Tonsilloliths occur in up to 10% of the population frequently due to episodes of tonsillitis.


Tonsillitis is most often caused by a common cold virus, but other viral and bacterial infections can also be the cause.


The most common bacterium causing tonsillitis is Streptococcus pyogenes, or group A streptococcus, the bacterium that causes most cases of strep throat.


Why do tonsils get infected?


Tonsils produce certain types of disease-fighting white blood cells. So the tonsils are believed to act as the immune system's first line of defense against bacteria and viruses that enter your mouth.


This function may make the tonsils particularly vulnerable to infection and inflammation. However, the tonsil's immune system function declines after puberty — a factor that may account for the rare cases of tonsillitis in adults.


At-home care


Whether tonsillitis is caused by a viral or bacterial infection, at-home care strategies can make your child more comfortable and promote better recovery.


If a virus is the expected cause of tonsillitis, these strategies are the only treatment. Your doctor won't prescribe antibiotics. Your child will likely be better within seven to 10 days.


At-home care strategies to use during the recovery time include the following:


  • Encourage rest. Encourage your child to get plenty of sleep and to rest his or her voice.


  • Provide adequate fluids. Give your child plenty of water to keep the throat moist and prevent dehydration.


  • Provide comforting foods and beverage. Warm liquids — broth, caffeine-free tea or warm water with honey — and cold treats like ice pops can soothe a sore throat.


  • Prepare a saltwater gargle. If your child can gargle, a saltwater gargle of 1 teaspoon (5 milliliters) of table salt to 8 ounces (237 milliliters) of warm water can help soothe a sore throat. Have your child gargle the solution and then spit it out.


  • Humidify the air. Use a cool-air humidifier to eliminate dry air that may further irritate a sore throat, or sit with your child for several minutes in a steamy bathroom.


  • Offer lozenges. Children older than age 4 can suck on lozenges to relieve a sore throat.


  • Avoid irritants. Keep your home free from cigarette smoke and cleaning products that can irritate the throat.

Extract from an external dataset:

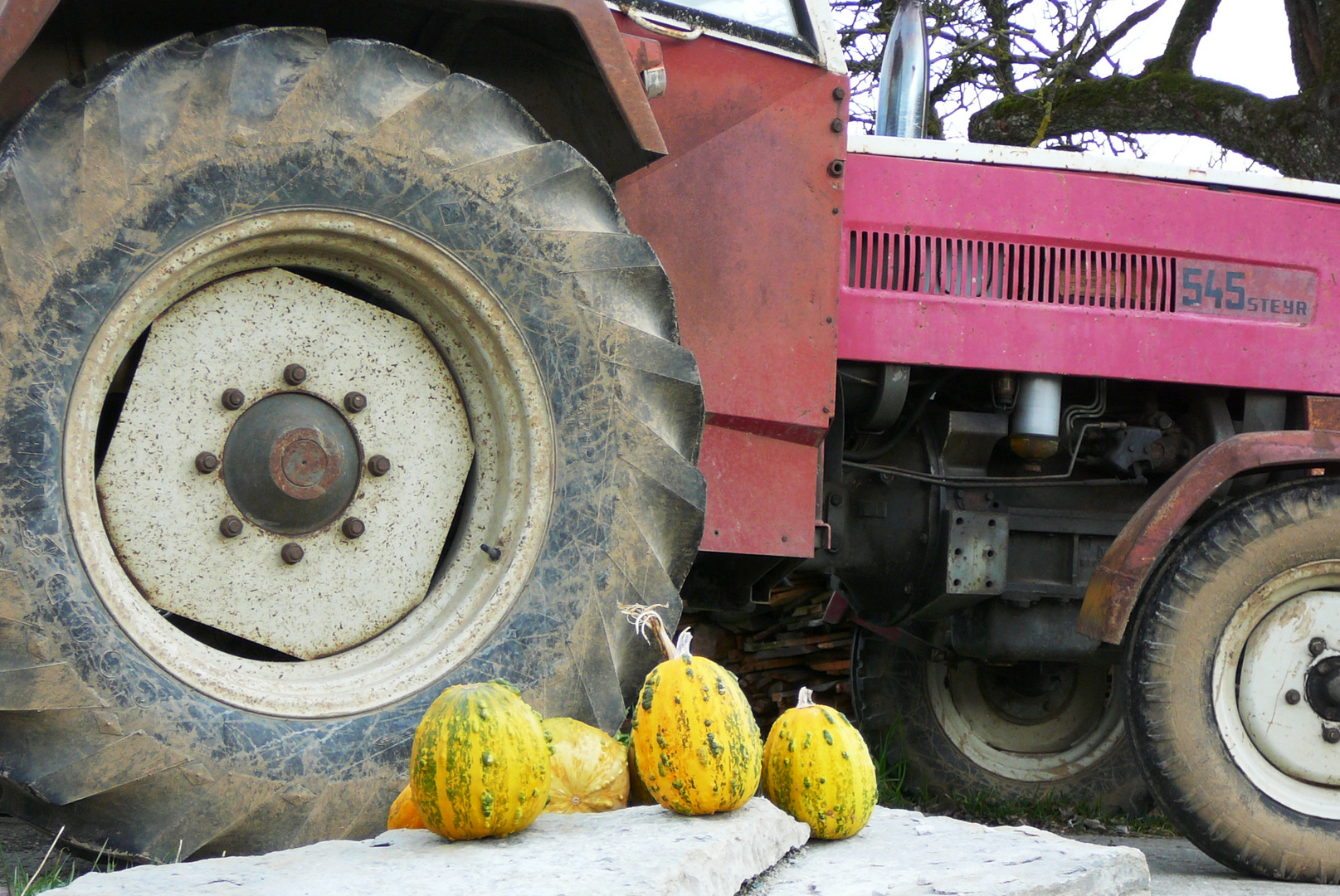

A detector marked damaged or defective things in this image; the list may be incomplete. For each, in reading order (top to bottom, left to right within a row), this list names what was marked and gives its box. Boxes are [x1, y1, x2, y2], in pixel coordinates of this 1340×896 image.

rusty wheel hub [226, 392, 362, 531]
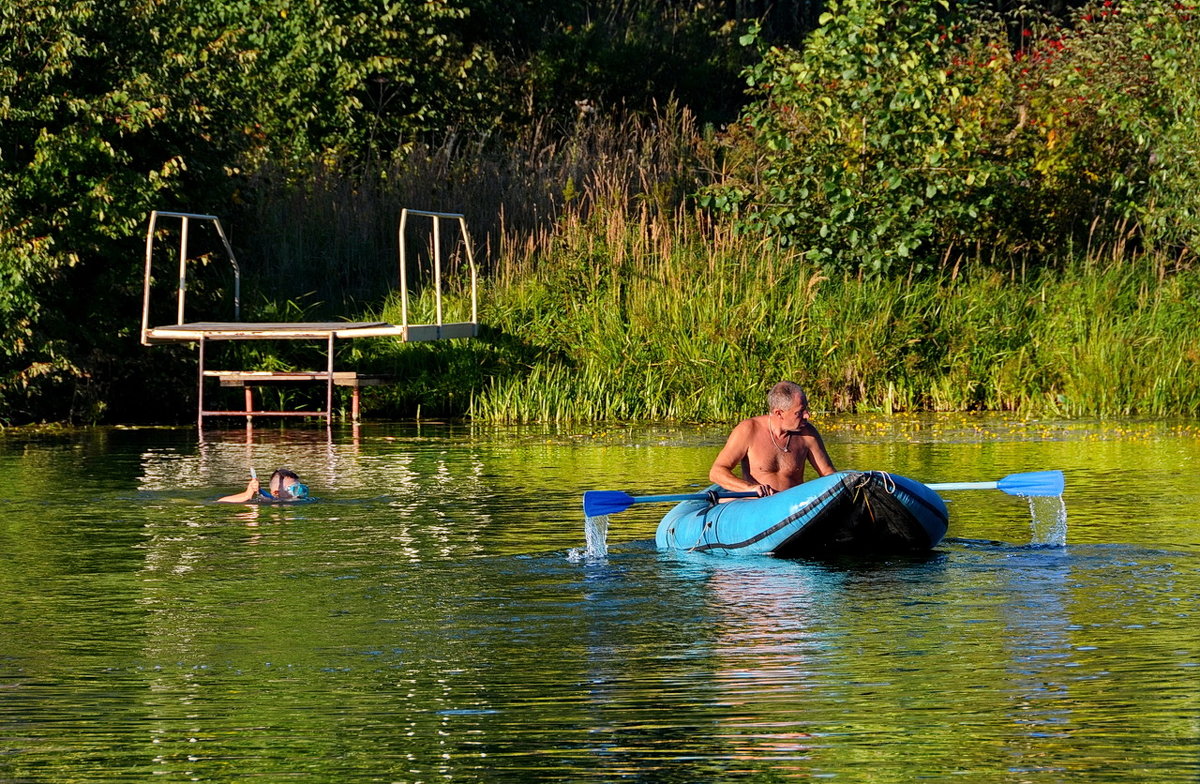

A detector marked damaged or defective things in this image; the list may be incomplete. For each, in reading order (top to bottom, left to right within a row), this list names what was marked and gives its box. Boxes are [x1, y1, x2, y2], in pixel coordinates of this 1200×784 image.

  • Treat pain and fever. Talk to your doctor about using ibuprofen (Advil, Motrin, others) or acetaminophen (Tylenol, others) to minimize throat pain and control a fever. Aspirin has been linked with Reye's syndrome, so use caution when giving aspirin to children or teenagers. Though aspirin is approved for use in children older than age 2, children and teenagers recovering from chickenpox or flu-like symptoms should never take aspirin. Talk to your doctor if you have concerns.




If tonsillitis is caused by a bacterial infection, your doctor will prescribe a course of antibiotics. Penicillin taken by mouth for 10 days is the most common antibiotic treatment prescribed for tonsillitis caused by group A streptococcus. If your child is allergic to penicillin, your doctor will prescribe an alternative antibiotic.


Your child must take the full course of antibiotics as prescribed even if the symptoms go away completely. Failure to take all of the medication as directed may result in the infection worsening or spreading to other parts of the body. Not completing the full course of antibiotics can, in particular, increase your child's risk of rheumatic fever and serious kidney inflammation.


Talk to your doctor or pharmacist about what to do if you forget to give your child a dose.




Surgery to remove tonsils (tonsillectomy) may be used to treat frequently recurring tonsillitis, chronic tonsillitis, or bacterial tonsillitis that doesn't respond to antibiotic treatment.


Frequent tonsillitis is generally defined as:


  • More than six episodes in one year.
  • More than four episodes a year over two years.
  • More than three episodes a year over three years.


A tonsillectomy may also be performed if tonsillitis results in difficult to manage complications, such as:


  • Obstructed sleep apnea.
  • Breathing difficulty.
  • A peritonsillar abscess that doesn't improve with antibiotic treatment.


Tonsillectomy is usually done as a one-day surgery. That means your child should be able to go home the day of the surgery. A complete recovery usually takes seven to 10 days.